For an extensive biography as a (free) pdf, see www.julieandfransmuller.nl (English site). This site includes a complete book, written by Dr. Julia Muller, to be found under the heading Max van Egmond. Its final chapter is a musical “credo” written by Van Egmond himself. At the end, the biography provides a complete listing of all his LP and CD recordings.
A few particulars from the biography will suffice here:
Max van Egmond, Dutch baritone, was born in 1936 in Semarang on the island of Java, Indonesia, then the Netherlands’ East Indies.
After World War II, back in his homeland, Max went to the Willem de Zwijger Lyceum (Bussum) and the University of Utrecht. He took private music lessons with Tine van Willigen and Dr. Anthon van der Horst.
From 1955 to 1959, before embarking on his singing career, Max van Egmond employed his vocal skills in a different way, as a newsreader with the National Broadcasting Company of the Netherlands in Hilversum.
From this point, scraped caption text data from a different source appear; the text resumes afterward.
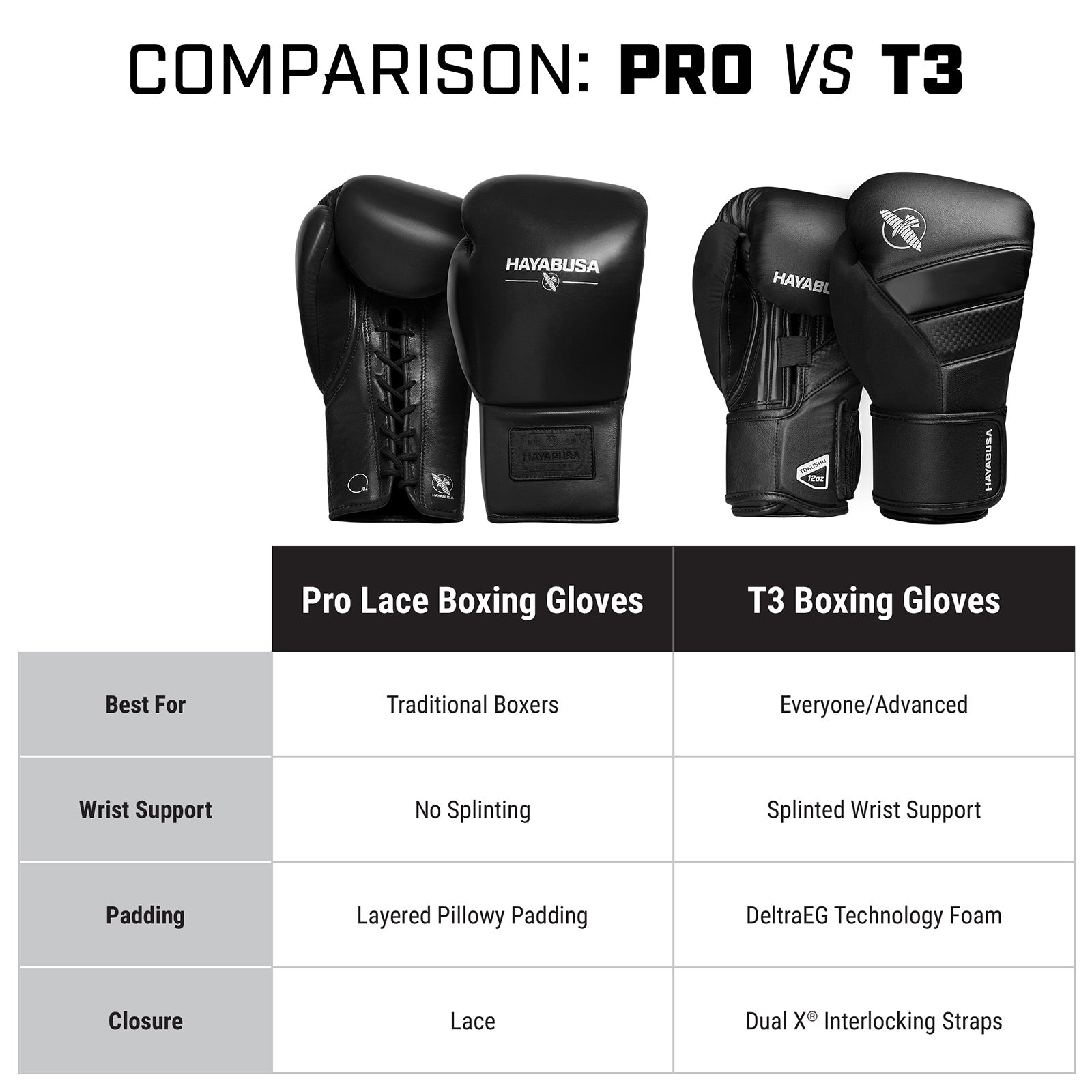 Hayabusa Pro Lace Boxing Gloves Black - The Fight Club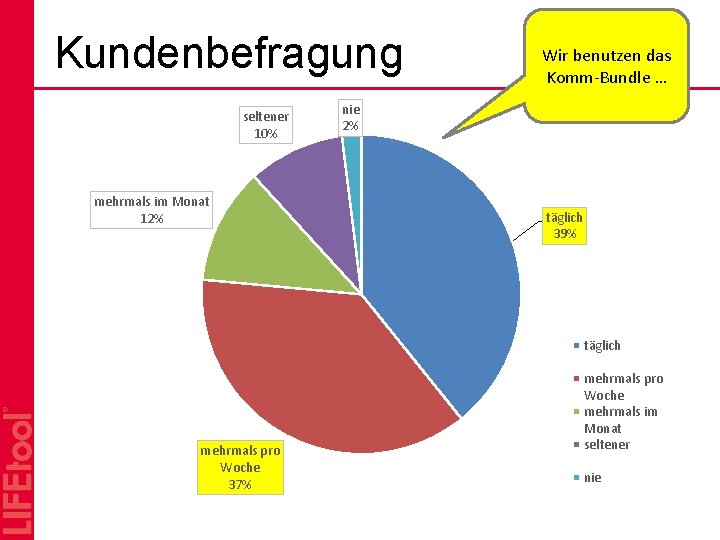 Kundenbefragung seltener 10% mehrmals im Monat 12% Wir benutzen das Komm-Bundle … nie 2%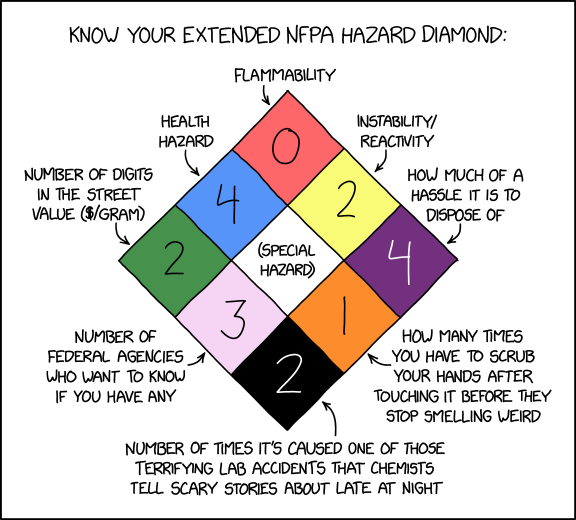 nfpa diamond meaning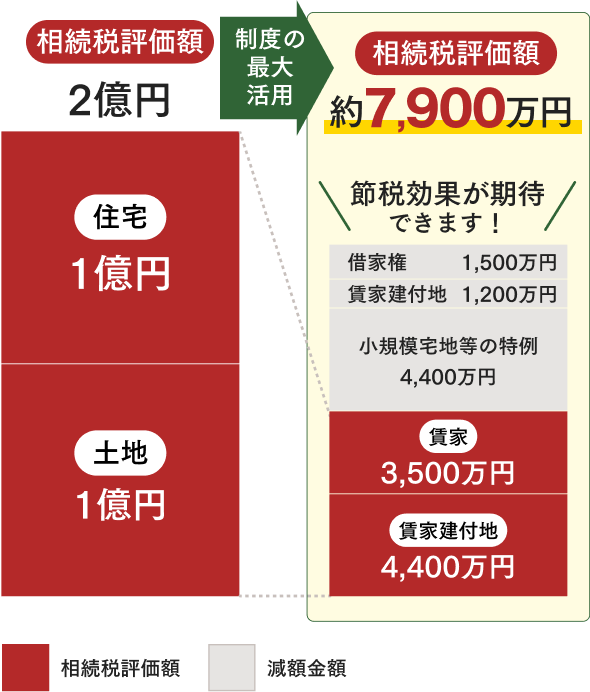 制度の最大活用した場合、相続税評価額2億円が約7900万円になり節税効果が期待できます！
Van Egmond’s international career of nearly half a century lasted from about 1958 to 2005. As a lyric bass-baritone with special coloraturas skills and emphasis on language and diction, he appeared in oratorios, operas, concerts and recitals.
Simultaneously, Max has recorded dozens of LPs and CDs including most of Bach’s vocal works; operas by Monteverdi, Rameau, Purcell and Handel; oratorios by Schütz and Reger; songs by Purcell, Beethoven, Schubert, Fauré and others, all listed in the discography.
His concert tours have covered every continent, but Van Egmond appeared most frequently (apart from his homeland) in Japan, the USA and Canada.
His teaching activities, too, were (and are) quite international. He was on the faculty of the Sweelinck Conservatory in Amsterdam (where he headed the Early Music Department for several years) and still teaches at summer academies, notably in San Francisco, with the American Bach Soloists.